Personal information
- Born: September 28, 1936 (age 89) Burnet, Texas, U.S.
- Listed height: 6 ft 1 in (1.85 m)
- Listed weight: 200 lb (91 kg)

Career information
- High school: Lampasas (Lampasas, Texas)
- College: Baylor (1956–1959)
- NFL draft: 1959 (13th round, 152nd overall pick)
- AFL draft: 1960

Career history
- Houston Oilers (1960);

Awards and highlights
- AFL champion (1960); First-team All-SWC (1959); Second-team All-SWC (1958);

Career AFL statistics
- Receptions: 4
- Receiving yards: 34
- Touchdowns: 1
- Stats at Pro Football Reference

= Al Witcher =

American football player (born 1936)

Thomas Albert Witcher (born September 28, 1936) is an American former professional football player who was a linebacker for one season with the Houston Oilers of the American Football League (AFL). He played college football for the Baylor Bears.

==Early life and college==
Thomas Albert Witcher was born on September 28, 1936, in Burnet, Texas. He attended Lampasas High School in Lampasas, Texas.

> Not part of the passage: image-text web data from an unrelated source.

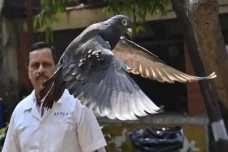 Mengenal Merpati Mata-Mata...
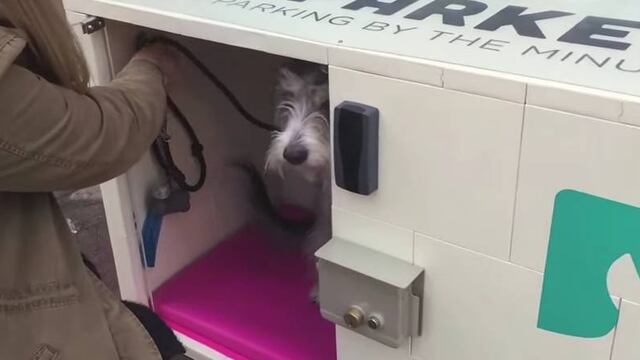 Mientras tú haces sus mandados, tu perro está sano y salvo.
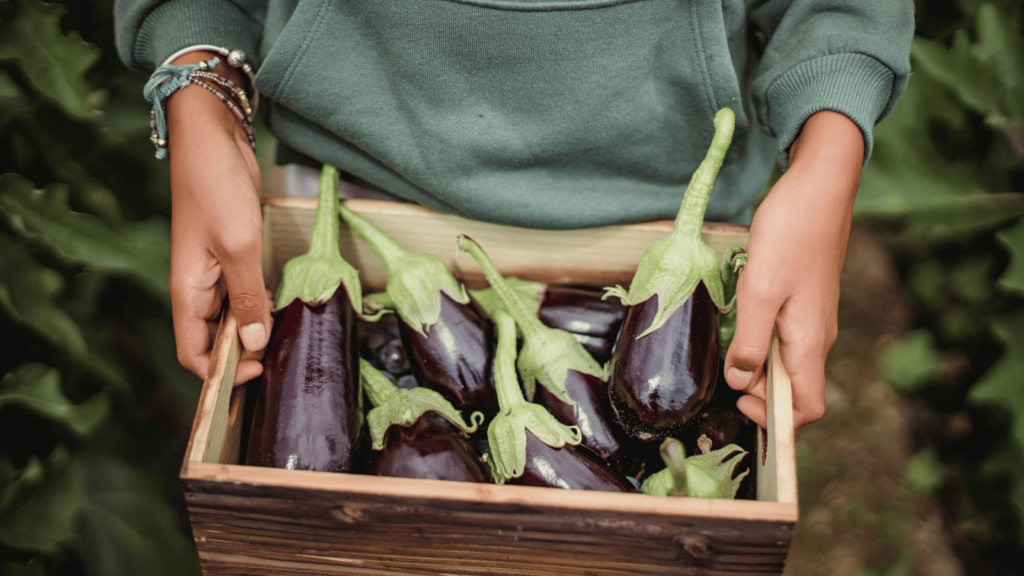 donna che mantiene cassetta di melanzane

Witcher was a member of the Baylor Bears of Baylor University from 1956 to 1959 and a three-year letterman from 1957 to 1959. He earned Associated Press (AP) second-team All-Southwest Conference (SWC) honors in 1958 and AP first-team All-SWC honors in 1959. He was later inducted into Baylor's athletics hall of fame.

==Professional career==
Witcher was selected by the Los Angeles Rams in the 13th round, with the 152nd overall pick, of the 1959 NFL draft. He was also selected by the Minneapolis AFL team in the 1960 AFL draft.

Witcher's AFL rights were later traded to the Houston Oilers. He played in fourteen games, starting seven, for the Oilers during the team's inaugural 1960 season, totaling one interception, one sack, and four receptions for 34	yards and one touchdown. He also started for the Oilers in the 1960 AFL Championship Game, a 24–16 victory over the Los Angeles Chargers.

==Personal life==
Witcher retired from professional football to attend law school. He then became a lawyer in Texas.